Where are we? Oh yeah, online dating. So, after getting the feeling that I was smack dab in the middle of Stan’s Maybe List as someone he might like, and considering he was the first person I went out with, I decided to get out before I got in. First, I turned down a movie date with him. Then, I just kinda quit responding to his texts. I had just paid for three months of online dating and wanted my money’s worth.
Frankly, this was not my first online attempt. Years earlier, I went to coffee a couple of times with two nice guys, six months after my husband George died. Why coffee? Both happened to be in AA.
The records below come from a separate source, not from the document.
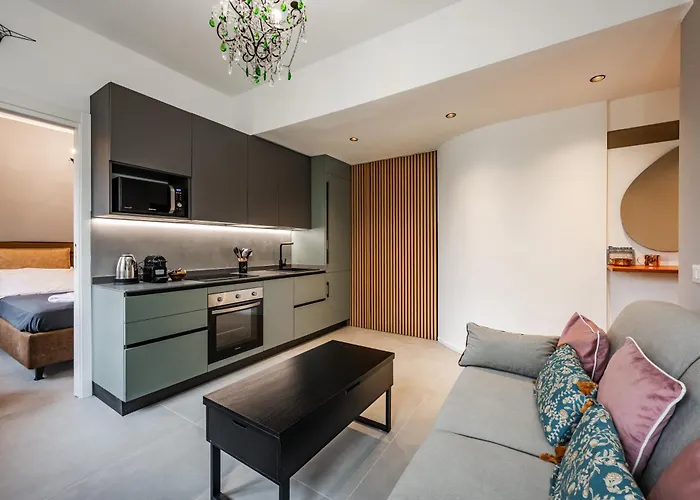 Charming Modern Apartment Near The Heart Of Milan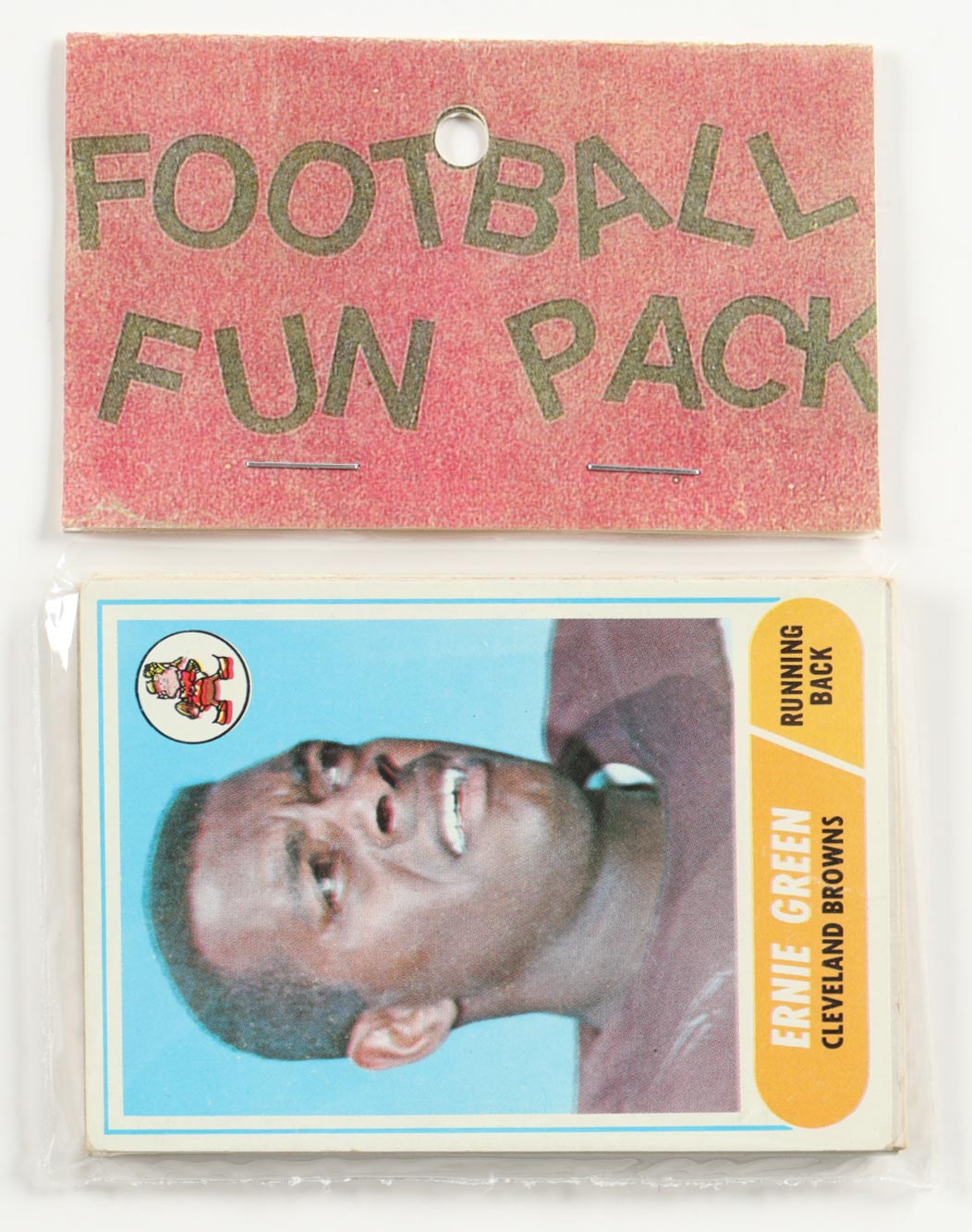 1968 Topps Football Card Fun Pack with (10) Cards at PristineAuction.com 1968 Topps Football Card Fun Pack with (10) Cards at PristineAuction.com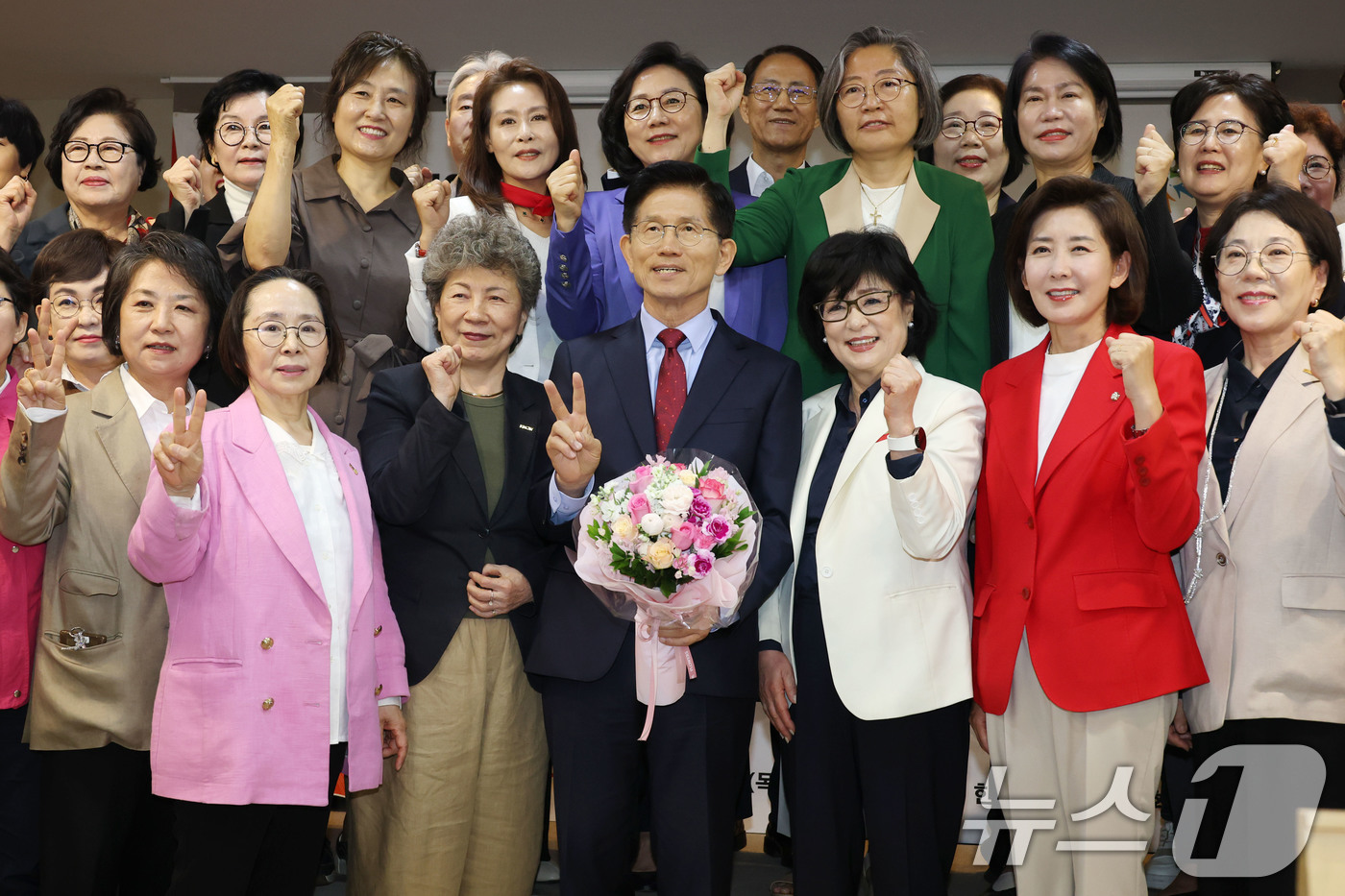 (서울=뉴스1) 이광호 기자 = 김문수 국민의힘 대통령 후보가 22일 오후 서울 용산구 한국여성단체협의회에서 열린 여성정책 협약식에서 허명 한국여성단체협의회장 등 참석자들과 기념촬 …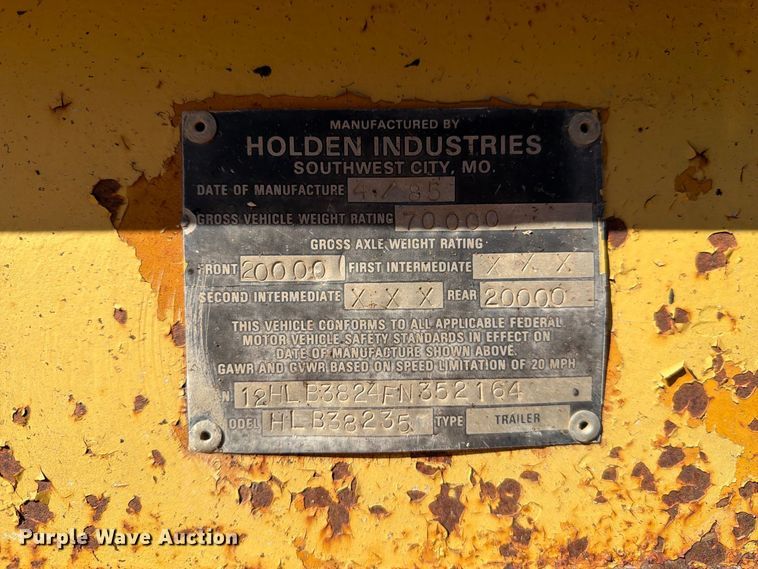 image for item DV8731 1985 Holden Industries, Inc HLB38235 drop deck equipment trailer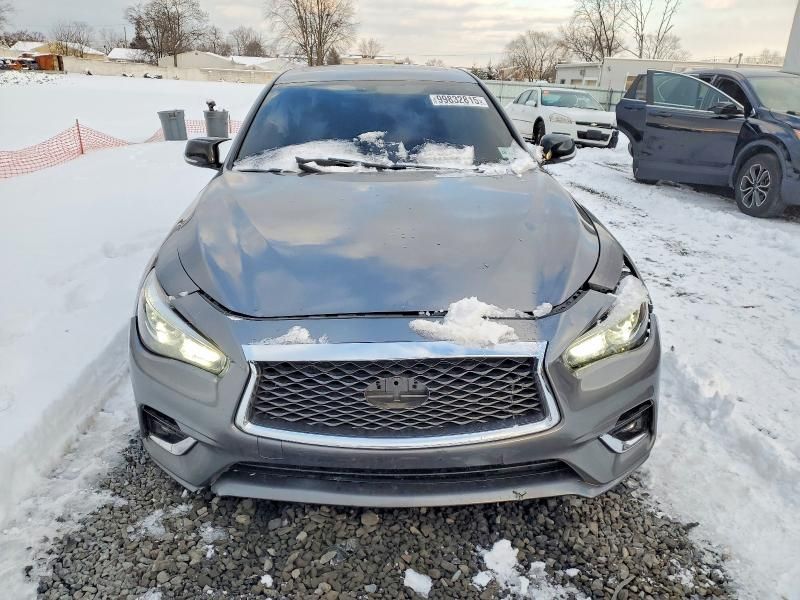 2018 Infiniti Q50 Luxe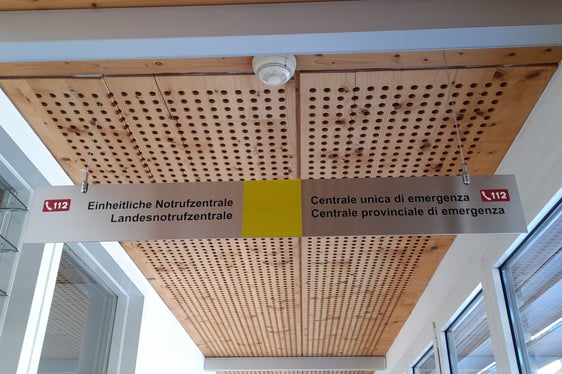 Die Einheitliche Notrufzentrale wird in Südtirol personalmäßig vom Sanitätsbetrieb geführt und technisch von der Agentur für Bevölkerungsschutz betrieben. Im Sitz der Agentur für Bevölkerungsschutz ist sie auch untergebracht, und zwar in unmittelbarer Nähe der Landesnotrufzentrale. (Foto: LPA/Maja Clara)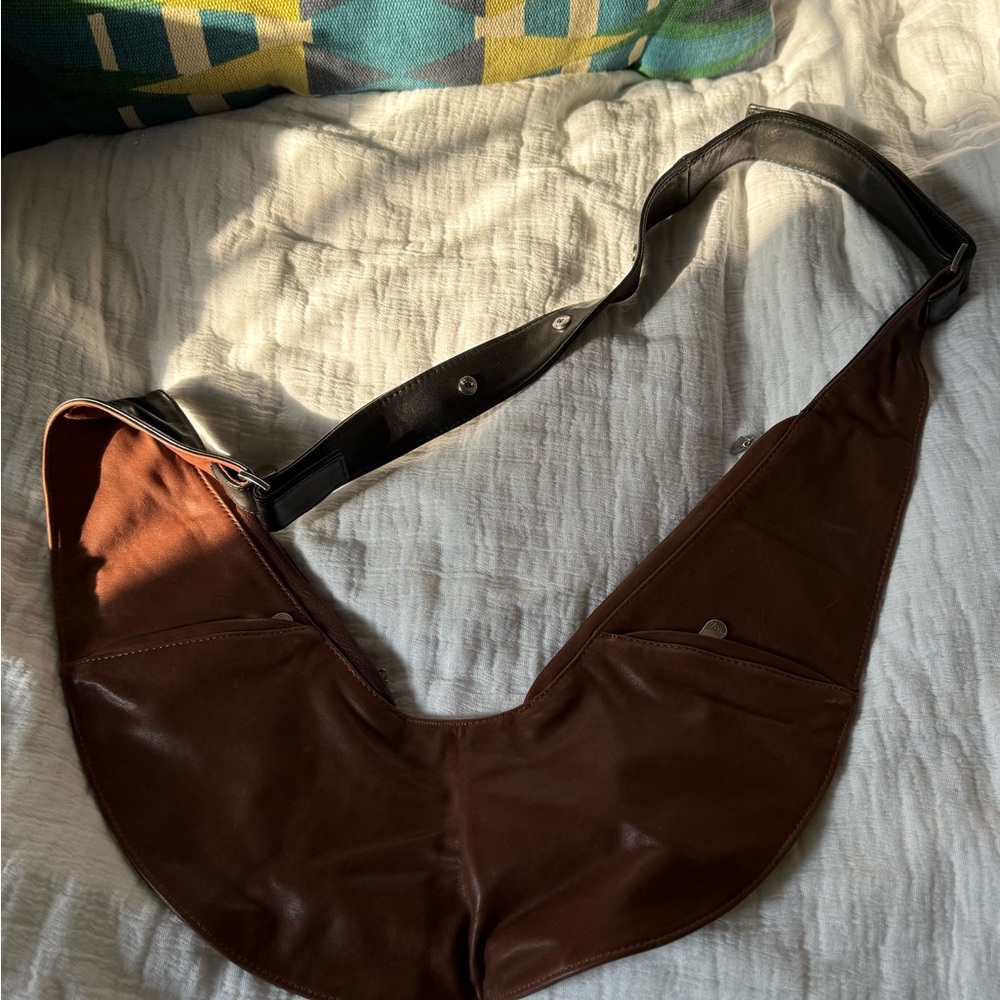 NWT Sash bag - reversible Black and Brown leather Sling Bag - Picture 3 of 5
But, my addiction is coffee. I felt wired and unsettled after each visit and quickly retreated into hiding for five “Crickets” years. I can’t tell you how important that time was.
That little blond girl born in the ’50s had some natural curiosities that now, parentless, husbandless, and, with children out of the nest, had some inner exploring to do. I re-met myself without the attachments, challenged my own assumptions about life, religion, the universe, nature – all in the context of this crazy world, which seems to be changing at a rate that matches my own.
I questioned everything I was taught not to question, growing more and more comfortable with living in the mystery. It was the perfect set-up for adventure. I wanted to know about other religions, particularly how they began, including my own Christian history. The fact that Stan was Jewish fed into that curiosity.
I went out, again, with two other men. Still, Stan remained at the top of the list. Two weeks went by. I missed him.
Then, clever girl that I am, I thought of an “Oh, by the way” text about his favorite subject, food. I mentioned a bar/restaurant under new ownership that was walking distance from his home.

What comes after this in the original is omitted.